In Depth: Inside the Legal Battle to Defeat Trump’s WeChat Ban
Millions of WeChat users in the U.S. could breathe a temporary sigh of relief after an appeals court this week quashed a government request to restrict China’s biggest social messaging app in the United States.
The decision marked a new setback for an executive order issued by U.S. President Donald Trump in August banning WeChat on national security grounds. The platform has around 1.2 billion users, including some 19 million in the United States.
For the plaintiffs, among them a nonprofit called the U.S. WeChat Users Alliance (USWUA), Monday’s ruling was the latest in a string of courtroom victories in the battle to defeat an order they say seriously violates their constitutional rights, including freedom of speech.
Claiming to represent only “the most ordinary” WeChat users in the United States, the alliance has so far successfully argued that Trump’s ban could unlawfully sever their communications with people in both the U.S. and China, where the app’s near-ubiquity makes it a virtually essential part of daily life.
Comprising a handful of U.S.-based lawyers, mostly of Chinese descent, the USWUA’s grassroots, user-funded campaign distinguishes it from the legal challenges mounted by deep-pocketed Chinese technology firms like Huawei Technologies Co. Ltd. and ByteDance Inc.’s TikTok in response to American government sanctions.
To co-founder Cao Ying, the alliance also represents a rare show of collective resistance from the Chinese community in the United States. “This is unprecedented,” she told Caixin in a phone interview. “Never before have Chinese Americans challenged a presidential order (in this way).”
At least for now, WeChat users in the United States can continue to use the app as normal. But the case is far from over.
On Monday, a three-judge panel for the Ninth Circuit Court of Appeals unanimously refused a Justice Department request to stay a preliminary injunction preventing the U.S. government from imposing a WeChat ban, pending an appeal, saying the U.S. government had “not demonstrated that they will suffer an imminent, irreparable injury during the pendency of this appeal, which is being expedited.”

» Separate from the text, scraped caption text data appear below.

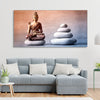 Meditating Buddha is Sitting with Balance Stones Canvas Wall Painting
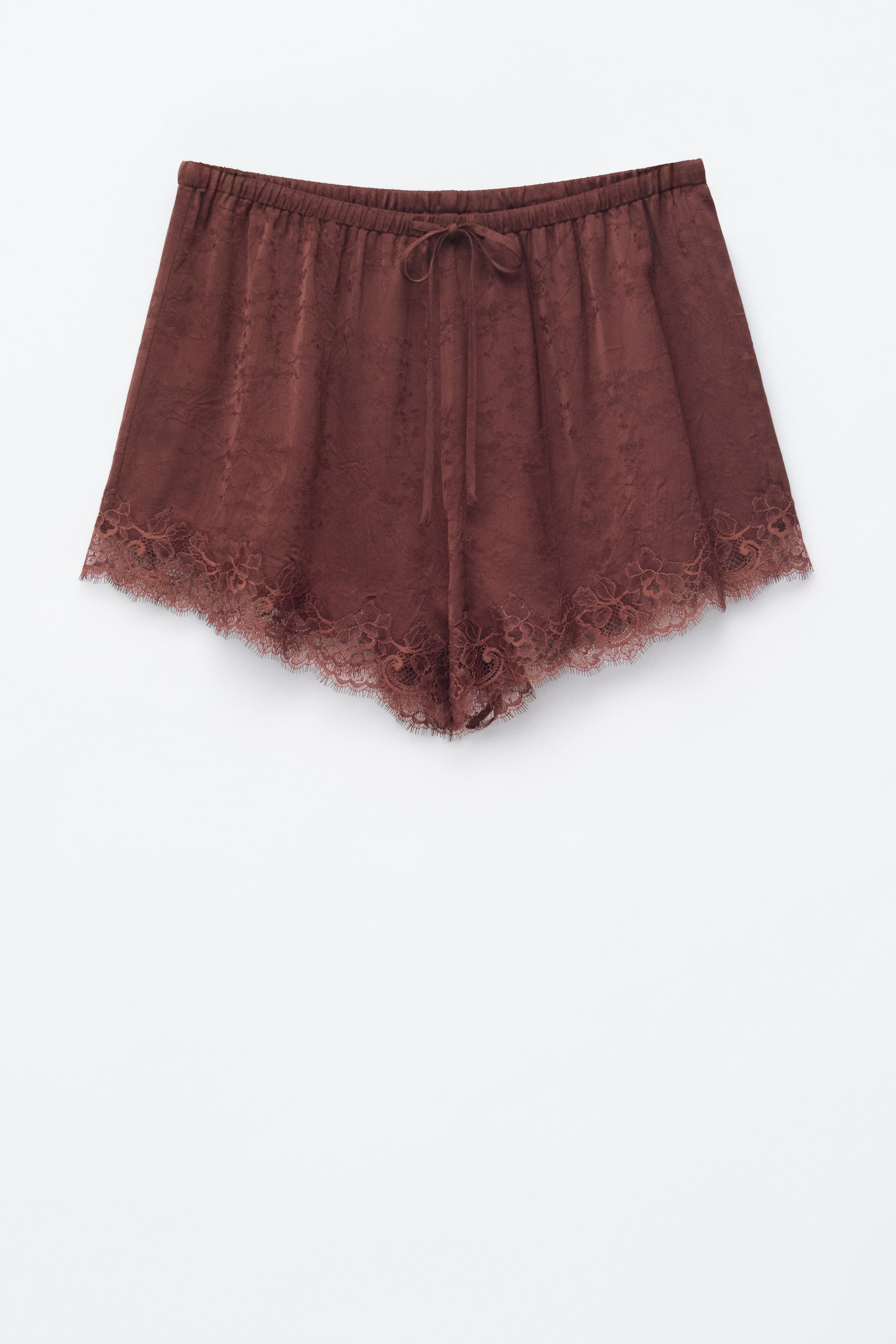 Visualizza immagine più grande: I pantaloncini marrone scuro sono distesi in piano e rivolti in avanti, caratterizzati da una vita elasticizzata con un cordoncino annodato a fiocco. Un sottile motivo jacquard è visibile sul loro tessuto setoso, e le aperture delle gambe sono rifinite con un pizzo floreale smerlato.
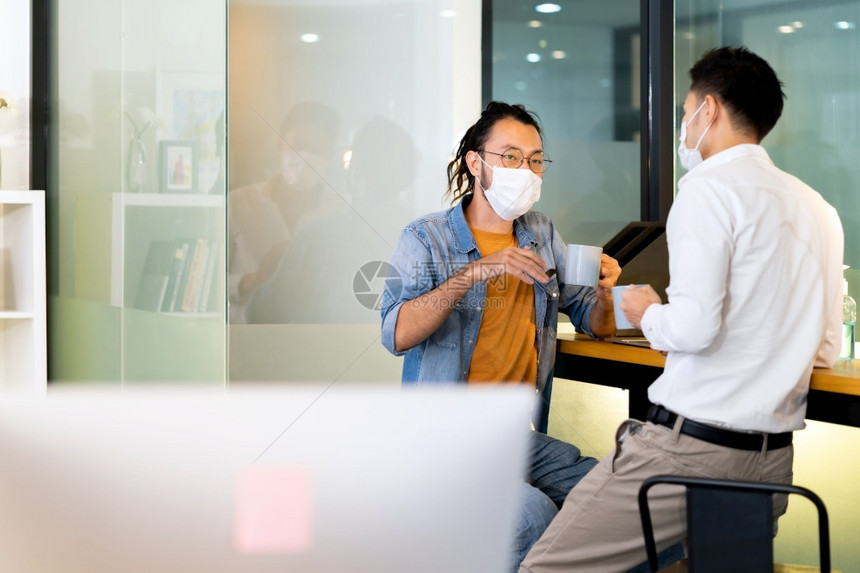 两名办公室工作人员在喝咖啡时交谈而在新正常状态中与社会远程执业办公室交谈他们戴着面罩减少作为新正常生活方式的新冠19日冕感染的风图片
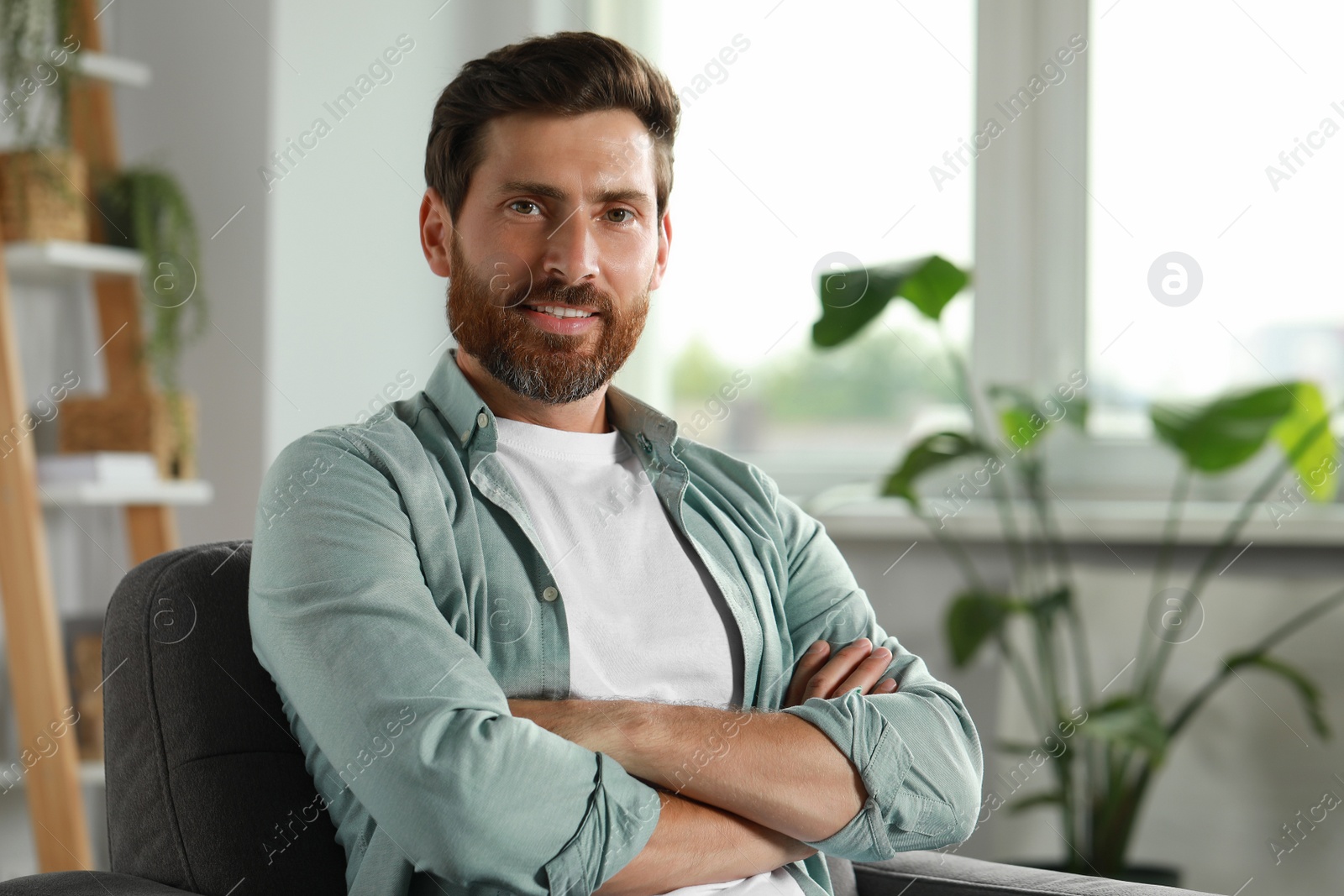 Photo of Portrait of handsome bearded man at home, space for text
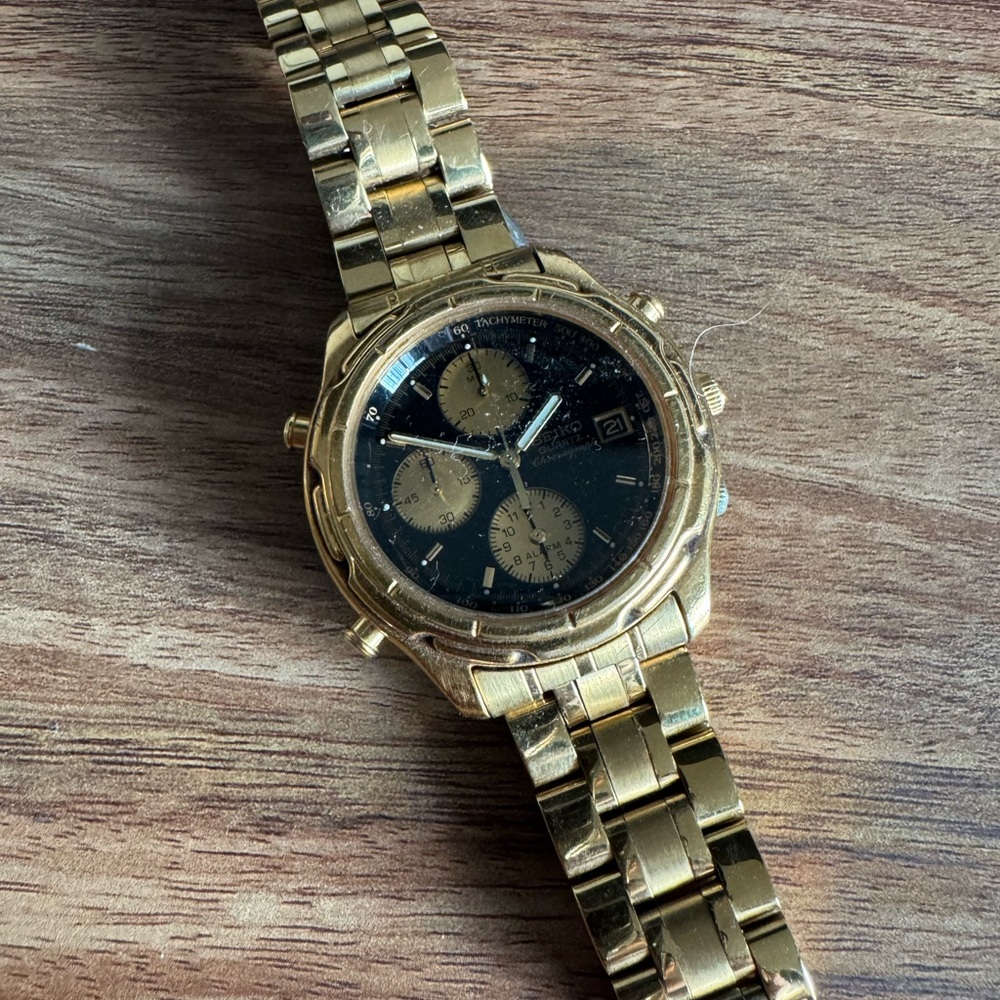 Seiko Gold Men's Watch with Black Dial
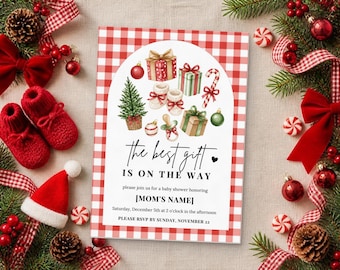 May include: A rectangular baby shower invitation card with a red and white buffalo check border. The center features watercolor illustrations of gifts, a tree, and baby booties. Text reads: The best gift is on the way, honoring [MOM'S NAME].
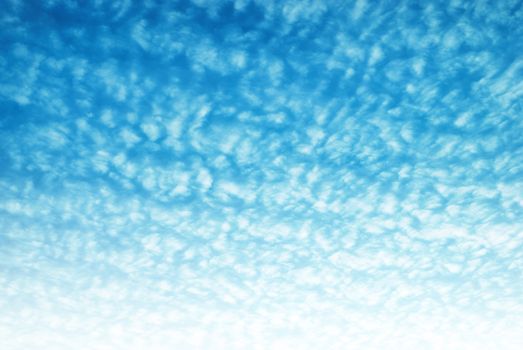 Blue sky and texture of white clouds.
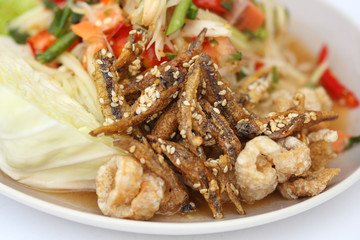 fish fried with papaya spicy salad
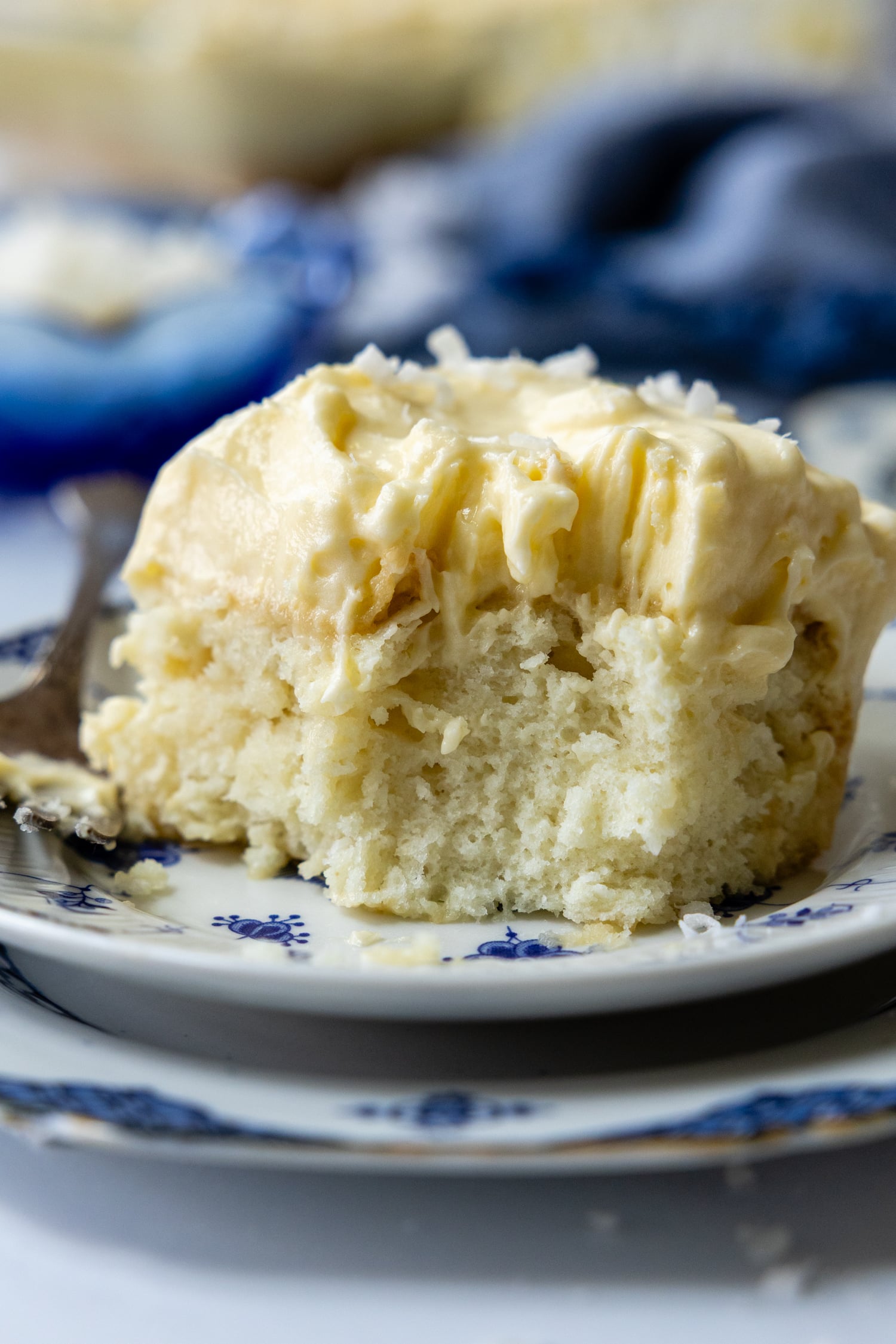 Close up of a piece of coconut cake on a plate.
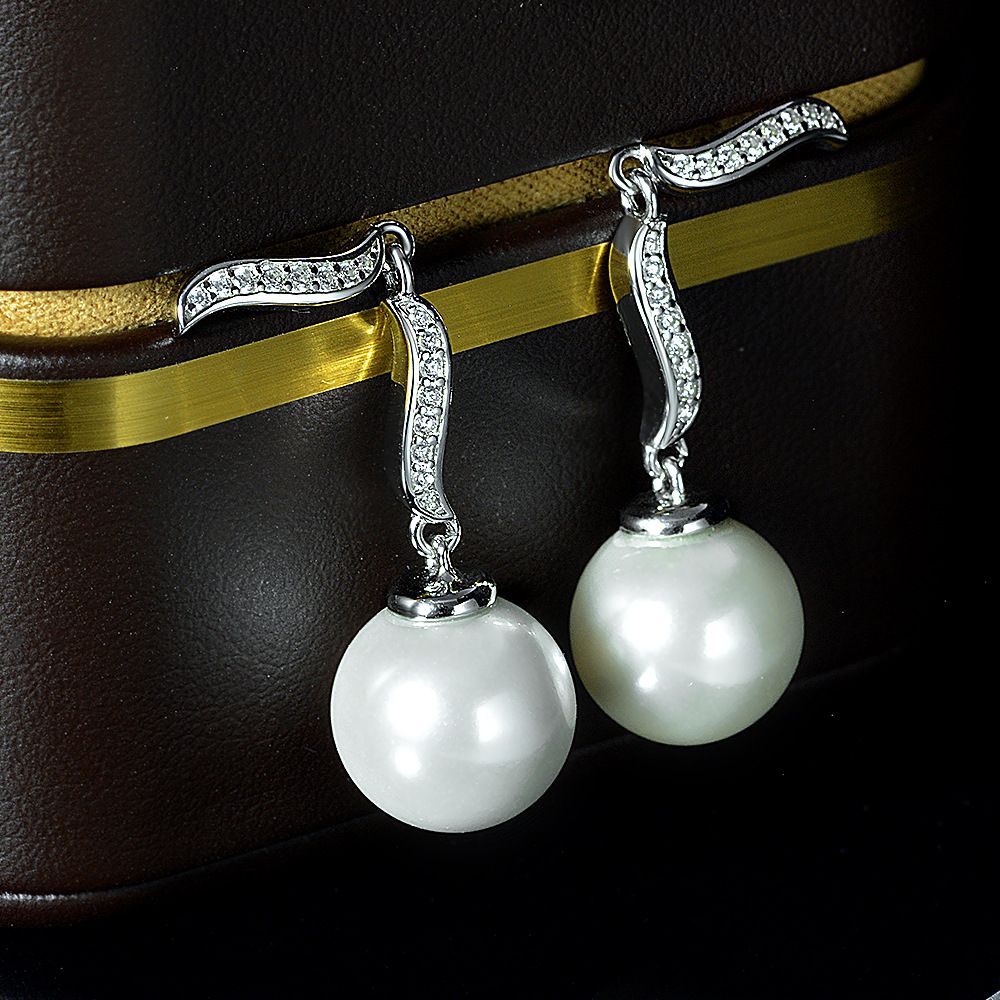 Unique Shiny Diamond White Pierced Earrings by Vooglam - Lifestyle Look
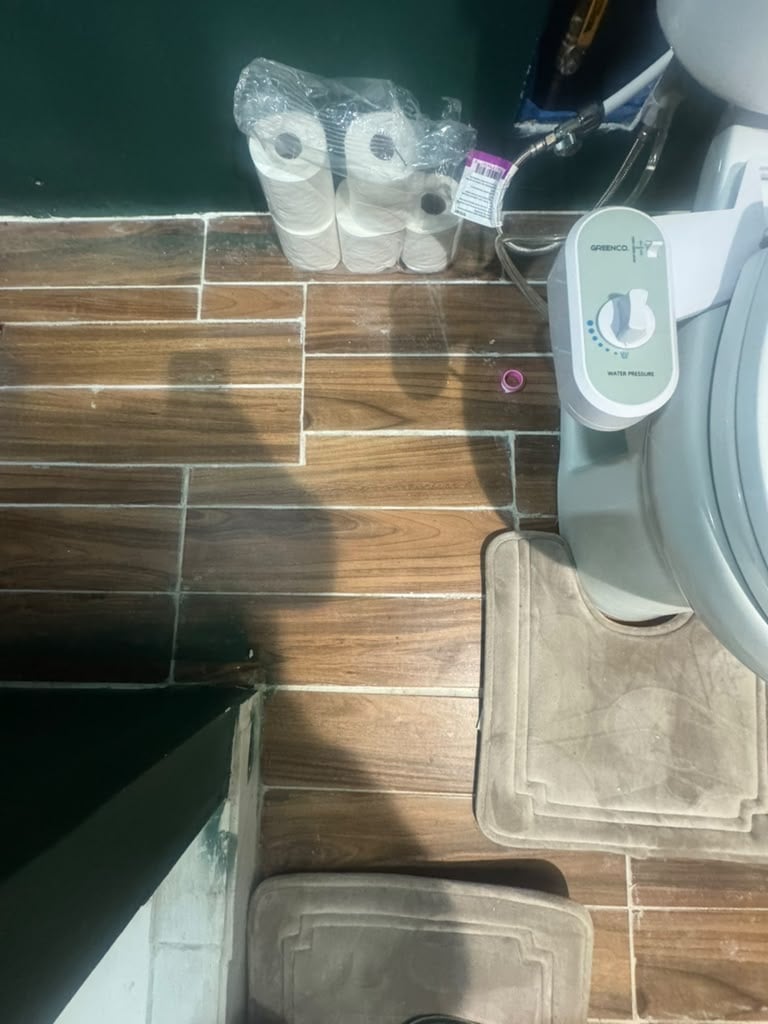 Overhead view of boat deck with paper towel rolls, white motor/electrical equipment, and wooden flooring with water visible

The decision followed a similar move last week by Magistrate Judge Laurel Beeler, who said the administration’s request would “burden substantially more speech than is necessary to serve the government’s significant interest in national security.”
The appeals court is expected to issue a more substantive ruling on the merits of the injunction in January, though a final judgement on the ban itself remains some way off.
The USWUA called Monday’s decision “another important victory” for WeChat users. The Justice Department did not comment on the ruling, but previously said the injunction allows the “unfettered” use of an app “that the Executive Branch has determined constitutes a threat to the national security and foreign policy of the United States.”
The USWUA said it expected the government to appeal the ruling to the U.S. Supreme Court “soon,” adding that its lawyers would “continue seeking all available legal remedies to prevent the WeChat ban.”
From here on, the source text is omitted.